When T. H. Benton was in the House he was of the opinion that the third day of March, and consequently the congressional term, ended at midnight of that day, instead of at noon on the fourth, as unbroken usage had fixt it. So on the last morning he sat with his hat on, talked loudly, loafed about the floor, and finally refused to vote or answer to his name when the roll was called. At last the speaker, the Hon. James L. Orr, of South Carolina, picked him up and put an end to these legislative larks.
“No, sir; no, sir; NO, sir!” shouted the venerable Missourian; “I will not vote. I have no right to vote. This is no House, and I am not a member of it.”

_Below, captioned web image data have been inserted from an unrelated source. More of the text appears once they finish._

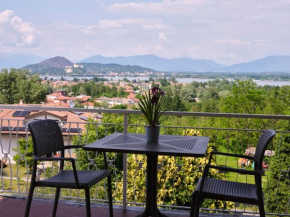 Casa Ierardi - Appartamento Arona Bellavista Arona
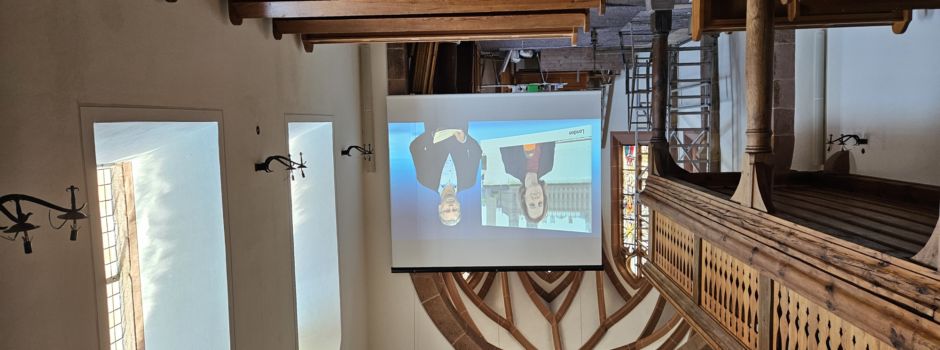 Nachlesen zum Public Viewing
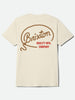 Brixton Gallatin T-Shirt Spring 2026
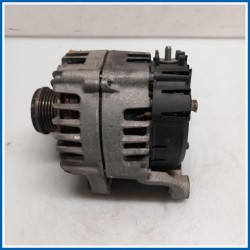 Alternatore (revisionato) GENERATORE 
 
 BMW X1 E84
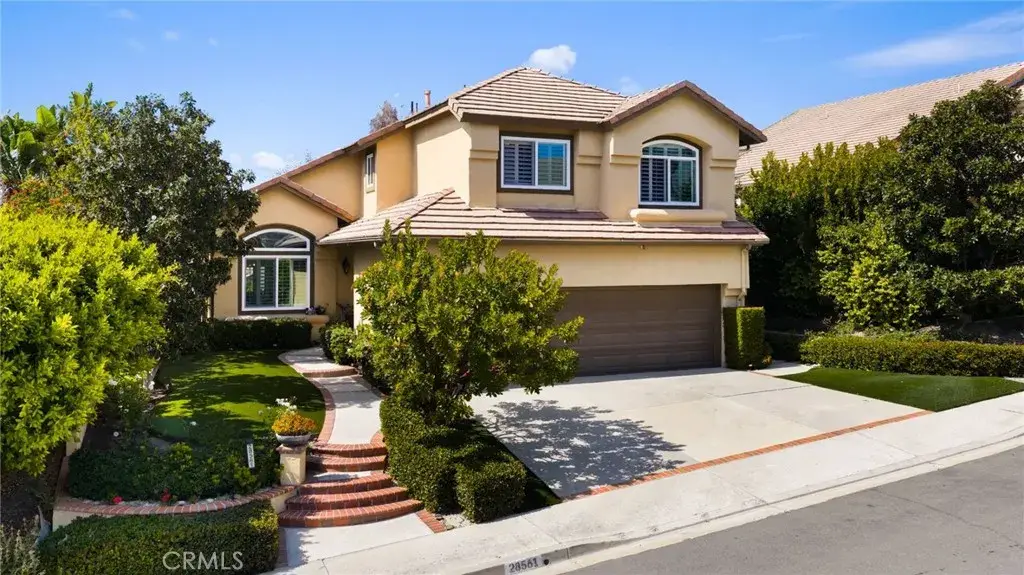 28561 Camelback, Trabuco Canyon, CA 92679 - #1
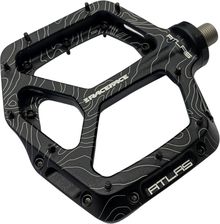 Zdjęcie Race Face Pedały Atlas 22 Czarny - Sławno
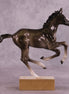 "Rose Effect" OOAK Pimento Foal Blind Bag by Ashley Palmer SHCF25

“Then, sir,” said Speaker Orr like a flash, with his sweetest manner, “if the gentleman is not a member of this House, the sergeant-at-arms will please put him out.”
And so this vast constitutional question settled itself.
(2518)
PRIVILEGES SLIGHTED
Mrs. Mary A. Wright, a veteran Sunday-school teacher of New Jersey, relates an odd story of human interest taken from personal observation.
I went to see a beautiful new farmhouse near Fort Wayne, Iowa. A friend who accompanied me explained that the owner, a prosperous ranchman, had been forty years building it. He had started life in a small home of logs—but in his early days had dreamed of a larger and better home for himself and family. Every tree he saw that struck his fancy he cut down and hewed into lumber so that when he was finally ready to erect his mansion he had all the seasoned material at hand. The new home was at last completed and beautifully finished upon the interior in polished natural woods. There were soft carpets for the floors, and rich furnishings; a bath-room, steam heat, and other modern conveniences.
That was several years before my visit, but I learned that, altho surrounded by all of this luxury, the farmer and his family lived in the basement. He had spent the best years of his life striving to build such a beautiful home, but, after getting it, he thought it too good to use and the family kept it to look at. The farmer and his family washed at the old pump in the yard while the costly tiled bath-room, with hot and cold water equipment, stood idle. They drank out of tin cups and ate off of cracked earthenware in their humble abode in the basement, while fine cut-glass and delicate china pieces reposed undisturbed in china-closets in the elegantly furnished dining-room up-stairs.
All the members of the family entered into the spirit of “keeping the house looking nice,” and they kept it so nice that the wife and mother who had worn out her life in helping to secure the luxuries that she afterward thought too good to enjoy, begged to be allowed to die on a straw mattress in the cellar rather than muss the clean linen in the bed-chambers above.